With that in mind, let’s take a look at the basics of this type of distribution system.
Part of the confusion is due to the choice of terms. This is a constant-voltage distribution system, meaning that the voltage at the output of a component is not affected by the load impedance.
So, whatever measured voltage exists (i.e., 1 volt, 10 volts, 70.7 volts, and so on) from any type of signal (sine wave, square wave, pink noise, music – it doesn’t matter), that voltage will be unaffected by changing the load on the amplifier. In other words, it doesn’t matter if the amplifier is driving one loudspeaker or 100, the line voltage will be unaffected by the number of loudspeakers on the line.
Virtually all interfaces in a sound system are constant-voltage – it is unfortunate that this term has become associated uniquely with a means of distributing signals to zones of loudspeakers.
Figure 1 shows how a typical 100-watt amplifier might be interfaced to a loudspeaker. For simplicity, the loudspeaker is represented as a fixed-value resistance.
The very low impedance amplifier output drives the much higher impedance loudspeaker.

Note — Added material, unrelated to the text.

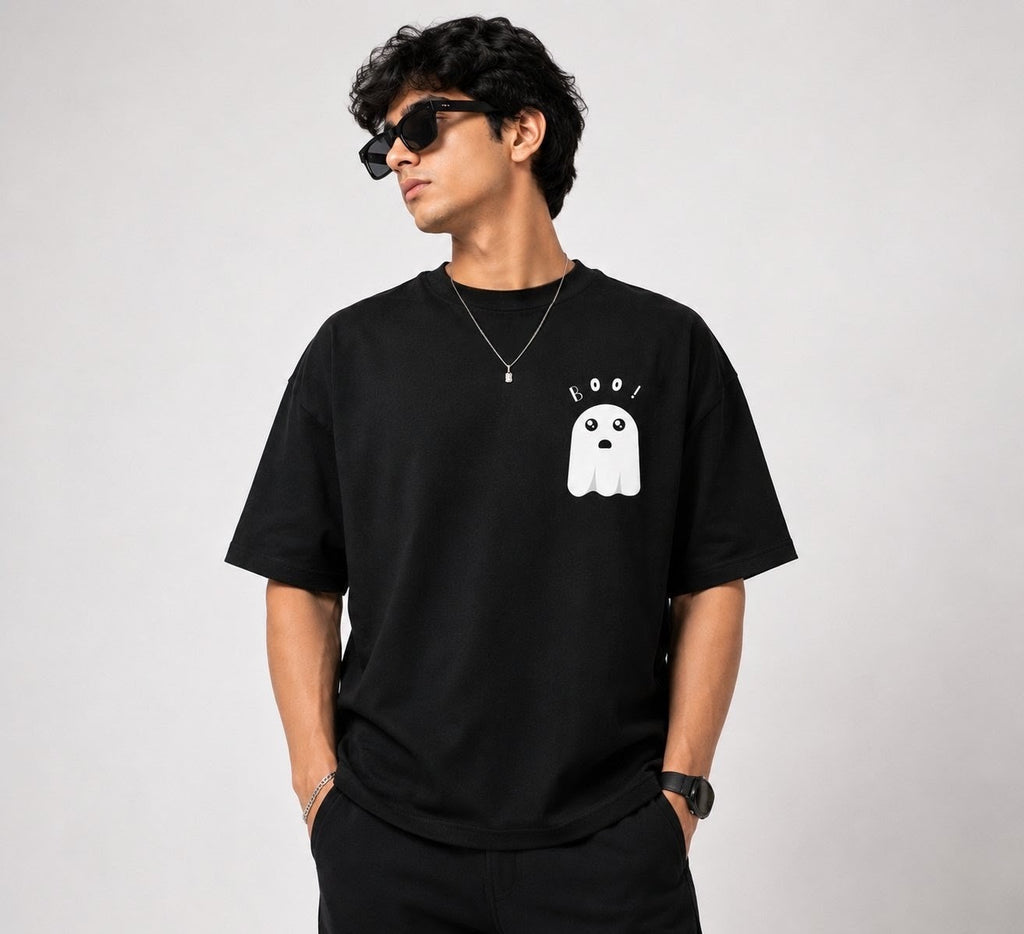 VAYUQ BOO! Premium Oversized T-Shirt Unisex T Shirt, Black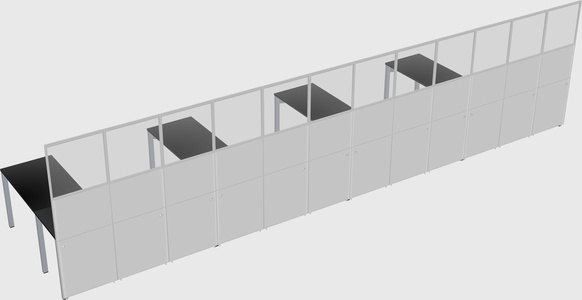 Shared l-shaped cubicle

This is a constant-voltage interface, because the voltage across the amplifier’s output terminals does not depend on whether the loudspeaker is connected or not.
A drawback of this interconnect method is that due to the very low loop impedance (the amplifier plus the loudspeaker), the voltage across the load is affected by the wire resistance.
If the wire must be long, the increased resistance affects the signal transfer between amplifier and loudspeaker.
It works just fine for hooking one or two loudspeakers to a single amplifier through several feet of cable.
Your local power company has the same problem – the need to provide a waveform to numerous loads (homes and businesses) while reducing the cable losses.
The method that they use involves taking the power from the generator and increasing it to higher voltage and lower current by means of a step-up transformer. Since the current is lower, a smaller wire can be used.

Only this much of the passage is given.